Recorded information:
····················

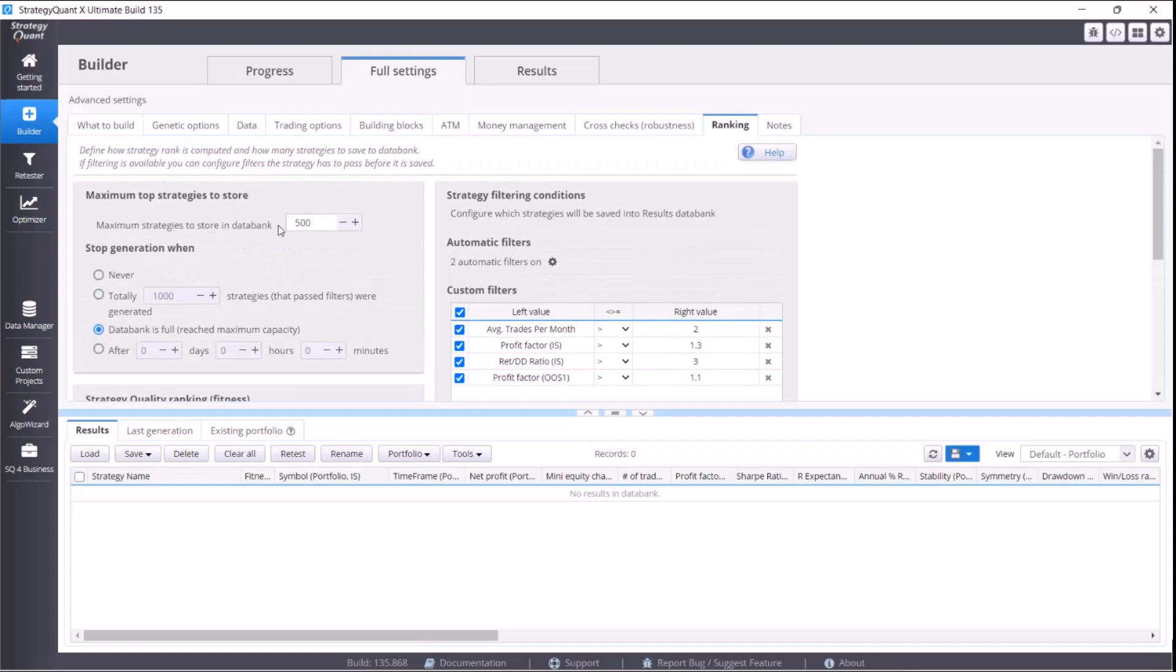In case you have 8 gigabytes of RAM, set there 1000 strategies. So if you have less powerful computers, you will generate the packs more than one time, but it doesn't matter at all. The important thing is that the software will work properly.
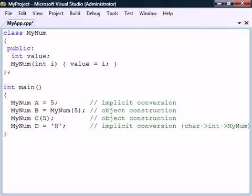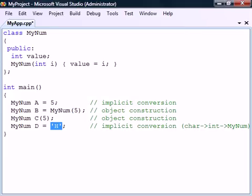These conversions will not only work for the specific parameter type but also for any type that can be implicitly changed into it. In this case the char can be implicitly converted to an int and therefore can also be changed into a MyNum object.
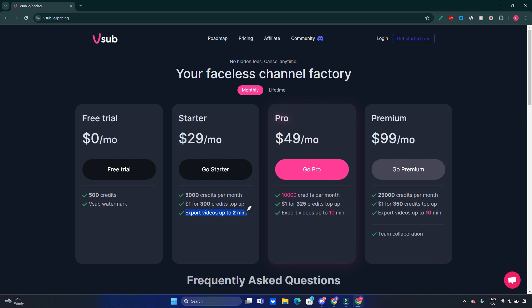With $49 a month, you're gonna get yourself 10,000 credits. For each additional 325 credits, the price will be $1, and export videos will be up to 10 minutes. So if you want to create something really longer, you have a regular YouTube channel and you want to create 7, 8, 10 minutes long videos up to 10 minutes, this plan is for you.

····················

Work to complete: Copy out nothing but text: transcribe the listing exactly and skip each picture.

Result of the task:
In case you have 8 gigabytes of RAM, set there 1000 strategies. So if you have less powerful computers, you will generate the packs more than one time, but it doesn't matter at all. The important thing is that the software will work properly.
These conversions will not only work for the specific parameter type but also for any type that can be implicitly changed into it. In this case the char can be implicitly converted to an int and therefore can also be changed into a MyNum object.
With $49 a month, you're gonna get yourself 10,000 credits. For each additional 325 credits, the price will be $1, and export videos will be up to 10 minutes. So if you want to create something really longer, you have a regular YouTube channel and you want to create 7, 8, 10 minutes long videos up to 10 minutes, this plan is for you.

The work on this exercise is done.